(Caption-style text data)
*** Begin section ***

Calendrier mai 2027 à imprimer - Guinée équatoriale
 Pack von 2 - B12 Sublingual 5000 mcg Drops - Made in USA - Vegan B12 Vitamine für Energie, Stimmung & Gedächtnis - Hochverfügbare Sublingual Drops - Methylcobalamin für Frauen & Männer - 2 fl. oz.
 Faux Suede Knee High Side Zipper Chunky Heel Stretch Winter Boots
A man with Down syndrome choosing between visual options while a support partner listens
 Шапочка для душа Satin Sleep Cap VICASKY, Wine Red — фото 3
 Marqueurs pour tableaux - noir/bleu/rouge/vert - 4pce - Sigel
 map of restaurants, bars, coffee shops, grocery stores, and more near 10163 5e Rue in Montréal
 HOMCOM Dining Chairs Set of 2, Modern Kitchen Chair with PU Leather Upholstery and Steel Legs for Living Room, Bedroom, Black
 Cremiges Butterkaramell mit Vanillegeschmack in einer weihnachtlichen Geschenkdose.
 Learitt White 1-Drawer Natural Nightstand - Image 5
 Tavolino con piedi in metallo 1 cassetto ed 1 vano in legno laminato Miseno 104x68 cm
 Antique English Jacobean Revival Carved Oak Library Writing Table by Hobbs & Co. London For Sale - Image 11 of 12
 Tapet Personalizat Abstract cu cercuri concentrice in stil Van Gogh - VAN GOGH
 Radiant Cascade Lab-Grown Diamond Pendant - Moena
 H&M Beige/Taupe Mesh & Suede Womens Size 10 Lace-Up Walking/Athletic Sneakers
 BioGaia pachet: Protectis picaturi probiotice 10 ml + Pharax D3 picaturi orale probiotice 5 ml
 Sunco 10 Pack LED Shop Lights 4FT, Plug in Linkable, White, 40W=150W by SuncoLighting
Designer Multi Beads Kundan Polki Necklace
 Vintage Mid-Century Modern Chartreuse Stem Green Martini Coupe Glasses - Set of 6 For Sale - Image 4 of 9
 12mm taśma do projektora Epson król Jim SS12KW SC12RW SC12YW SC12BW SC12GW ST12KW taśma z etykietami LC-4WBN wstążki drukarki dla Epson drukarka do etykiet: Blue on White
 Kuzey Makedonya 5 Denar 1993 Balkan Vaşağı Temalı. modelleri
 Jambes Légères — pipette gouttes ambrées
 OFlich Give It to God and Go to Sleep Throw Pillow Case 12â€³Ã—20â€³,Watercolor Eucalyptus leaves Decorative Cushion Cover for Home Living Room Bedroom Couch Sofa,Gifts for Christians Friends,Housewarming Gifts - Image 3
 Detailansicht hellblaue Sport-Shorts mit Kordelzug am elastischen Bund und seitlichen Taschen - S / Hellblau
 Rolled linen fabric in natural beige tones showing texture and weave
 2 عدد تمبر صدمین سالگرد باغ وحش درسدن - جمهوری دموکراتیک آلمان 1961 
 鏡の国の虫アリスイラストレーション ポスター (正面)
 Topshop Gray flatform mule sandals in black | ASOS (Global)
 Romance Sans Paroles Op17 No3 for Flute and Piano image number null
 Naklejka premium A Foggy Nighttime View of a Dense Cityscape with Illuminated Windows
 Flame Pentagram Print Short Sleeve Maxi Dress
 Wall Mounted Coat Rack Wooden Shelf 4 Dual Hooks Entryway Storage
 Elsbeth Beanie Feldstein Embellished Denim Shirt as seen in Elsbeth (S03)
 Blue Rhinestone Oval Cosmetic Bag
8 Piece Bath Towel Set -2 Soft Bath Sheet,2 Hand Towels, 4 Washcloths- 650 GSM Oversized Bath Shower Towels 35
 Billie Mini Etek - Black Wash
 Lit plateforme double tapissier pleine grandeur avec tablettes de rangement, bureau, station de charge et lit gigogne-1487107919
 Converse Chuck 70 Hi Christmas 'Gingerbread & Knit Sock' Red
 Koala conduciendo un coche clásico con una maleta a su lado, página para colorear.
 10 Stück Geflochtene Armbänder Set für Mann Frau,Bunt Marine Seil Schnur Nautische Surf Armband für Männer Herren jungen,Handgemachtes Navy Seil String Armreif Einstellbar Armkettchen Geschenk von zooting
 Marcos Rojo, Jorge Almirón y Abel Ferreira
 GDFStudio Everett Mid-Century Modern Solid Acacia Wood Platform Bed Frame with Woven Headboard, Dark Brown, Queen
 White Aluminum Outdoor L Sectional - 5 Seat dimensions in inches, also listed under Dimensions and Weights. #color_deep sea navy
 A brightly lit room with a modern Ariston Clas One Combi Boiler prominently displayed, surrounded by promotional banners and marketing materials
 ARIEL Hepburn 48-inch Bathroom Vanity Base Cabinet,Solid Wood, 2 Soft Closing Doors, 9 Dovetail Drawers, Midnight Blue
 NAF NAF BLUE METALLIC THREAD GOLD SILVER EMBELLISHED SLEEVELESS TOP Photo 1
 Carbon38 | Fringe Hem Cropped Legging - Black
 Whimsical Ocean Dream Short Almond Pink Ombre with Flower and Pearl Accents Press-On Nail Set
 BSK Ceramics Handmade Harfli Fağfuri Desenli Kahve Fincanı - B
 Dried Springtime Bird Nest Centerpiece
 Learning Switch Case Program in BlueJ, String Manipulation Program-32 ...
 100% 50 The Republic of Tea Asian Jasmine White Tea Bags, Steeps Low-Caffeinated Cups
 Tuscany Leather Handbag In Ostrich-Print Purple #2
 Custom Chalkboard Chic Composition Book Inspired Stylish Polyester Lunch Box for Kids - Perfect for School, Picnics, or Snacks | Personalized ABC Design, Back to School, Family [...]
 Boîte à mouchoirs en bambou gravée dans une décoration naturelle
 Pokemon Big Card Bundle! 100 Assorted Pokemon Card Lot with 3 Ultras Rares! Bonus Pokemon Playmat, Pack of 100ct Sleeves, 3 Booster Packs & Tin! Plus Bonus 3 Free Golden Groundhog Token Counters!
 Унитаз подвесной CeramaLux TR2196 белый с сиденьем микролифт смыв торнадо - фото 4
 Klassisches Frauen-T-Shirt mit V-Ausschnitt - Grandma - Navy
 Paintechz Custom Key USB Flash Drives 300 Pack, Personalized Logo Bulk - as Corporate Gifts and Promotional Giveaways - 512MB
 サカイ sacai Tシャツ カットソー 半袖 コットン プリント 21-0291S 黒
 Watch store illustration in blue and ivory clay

*** End section ***

- Assignment:
What the task asks for is a word-for-word repeat of the lines above, from the first through the one containing "A man with Down".

- Your solution:
Calendrier mai 2027 à imprimer - Guinée équatoriale
 Pack von 2 - B12 Sublingual 5000 mcg Drops - Made in USA - Vegan B12 Vitamine für Energie, Stimmung & Gedächtnis - Hochverfügbare Sublingual Drops - Methylcobalamin für Frauen & Männer - 2 fl. oz.
 Faux Suede Knee High Side Zipper Chunky Heel Stretch Winter Boots
A man with Down syndrome choosing between visual options while a support partner listens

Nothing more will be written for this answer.